143.--TWO CROSSES FROM ONE.
It will be seen that one cross is cut out entire, as A in Fig. 1, while the four pieces marked B, C, D and E form the second cross, as in Fig. 2, which will be of exactly the same size as the other. I will leave the reader the pleasant task of discovering for himself the best way of finding the direction of the cuts. Note that the Swastika again appears.
The difficult question now presents itself: How are we to cut three Greek crosses from one in the fewest possible pieces? As a matter of fact, this problem may be solved in as few as thirteen pieces; but as I know many of my readers, advanced geometricians, will be glad to have something to work on of which they are not shown the solution, I leave the mystery for the present undisclosed.

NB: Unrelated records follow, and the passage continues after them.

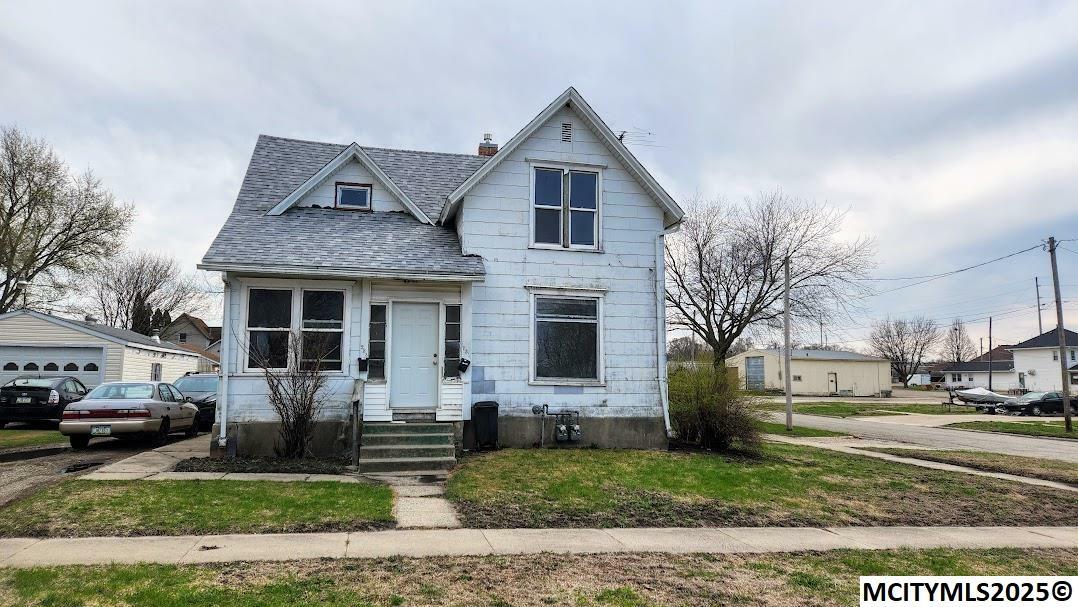 Property Photo: 231-233 8th SE IA 50401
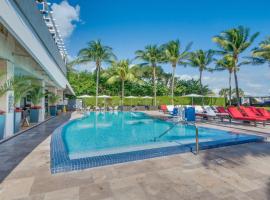 Gambaran Hotel: Miami Beachfront Bentley Hotel Studio Condo with Balcony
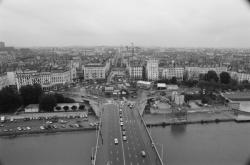 [Lyon vu du ciel. Vue aérienne, juin 1984]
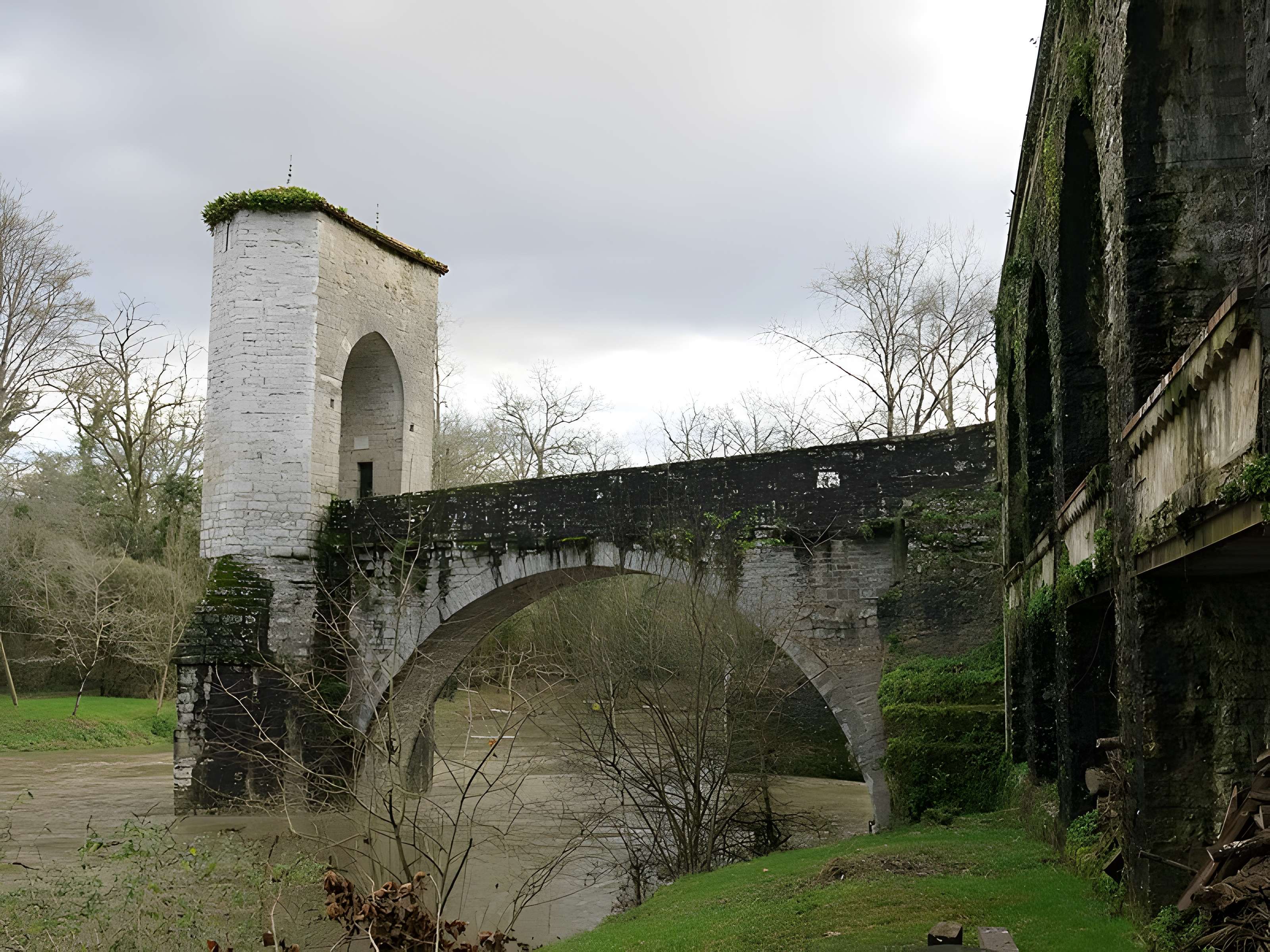 Pont de la Légende à Sauveterre-de-Béarn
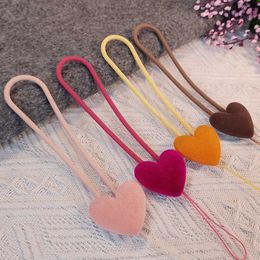 Breloques cellulaires, lanière Mobile courte et créative, pendentif d'amour en peluche, tout assorti, coque Mobile universelle, chaîne suspendue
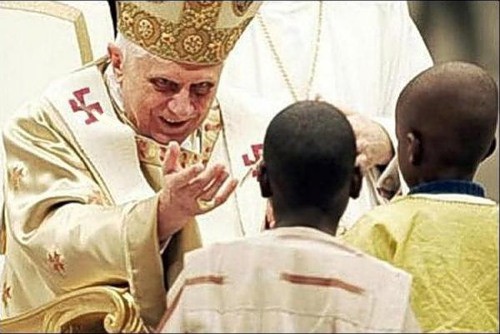 POPE_SWASTIKA_VISIBLE_CLEAN.jpg (49485 bytes)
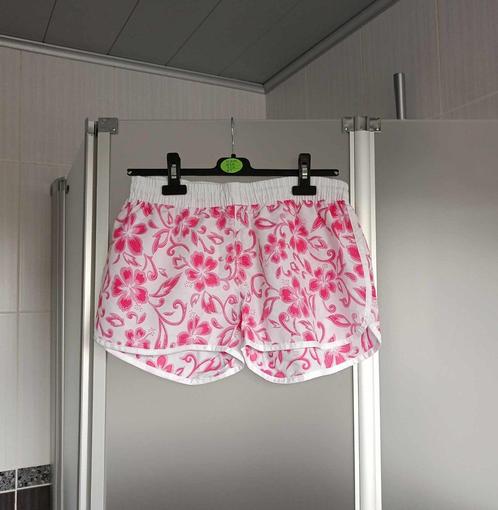 Zwemshort - Short - Wit/roze + glitter - XL - Dames - €2, Kleding | Dames, Sportkleding, Zo goed als nieuw, Overige typen, Maat 46/48 (XL) of groter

144.--THE CROSS AND THE TRIANGLE.
The line A B in the following diagram represents the side of a square having the same area as the cross. I have shown elsewhere, as stated, how to make a square and equilateral triangle of equal area. I need not go, therefore, into the preliminary question of finding the dimensions of the triangle that is to equal our cross. We will assume that we have already found this, and the question then becomes, How are we to cut up one of these into pieces that will form the other?
First draw the line A B where A and B are midway between the extremities of the two side arms. Next make the lines D C and E F equal in length to half the side of the triangle. Now from E and F describe with the same radius the intersecting arcs at G and draw F G. Finally make I K equal to H C and L B equal to A D. If we now draw I L, it should be parallel to F G, and all the six pieces are marked out. These fit together and form a perfect equilateral triangle, as shown in the second diagram. Or we might have first found the direction of the line M N in our triangle, then placed the point O over the point E in the cross and turned round the triangle over the cross until the line M N was parallel to A B. The piece 5 can then be marked off and the other pieces in succession.
I have seen many attempts at a solution involving the assumption that the height of the triangle is exactly the same as the height of the cross. This is a fallacy: the cross will always be higher than the triangle of equal area.
145.--THE FOLDED CROSS.
First fold the cross along the dotted line A B in Fig. 1. You then have it in the form shown in Fig. 2. Next fold it along the dotted line C D (where D is, of course, the centre of the cross), and you get the form shown in Fig. 3. Now take your scissors and cut from G to F, and the four pieces, all of the same size and shape, will fit together and form a square, as shown in Fig. 4.
146.--AN EASY DISSECTION PUZZLE.
The solution to this puzzle is shown in the illustration. Divide the figure up into twelve equal triangles, and it is easy to discover the directions of the cuts, as indicated by the dark lines.
147.--AN EASY SQUARE PUZZLE.
The diagram explains itself, one of the five pieces having been cut in two to form a square.
148.--THE BUN PUZZLE.
The secret of the bun puzzle lies in the fact that, with the relative dimensions of the circles as given, the three diameters will form a right-angled triangle, as shown by A, B, C. It follows that the two smaller buns are exactly equal to the large bun. Therefore, if we give David and Edgar the two halves marked D and E, they will have their fair shares--one quarter of the confectionery each. Then if we place the small bun, H, on the top of the remaining one and trace its circumference in the manner shown, Fred's piece, F, will exactly equal Harry's small bun, H, with the addition of the piece marked G--half the rim of the other. Thus each boy gets an exactly equal share, and there are only five pieces necessary.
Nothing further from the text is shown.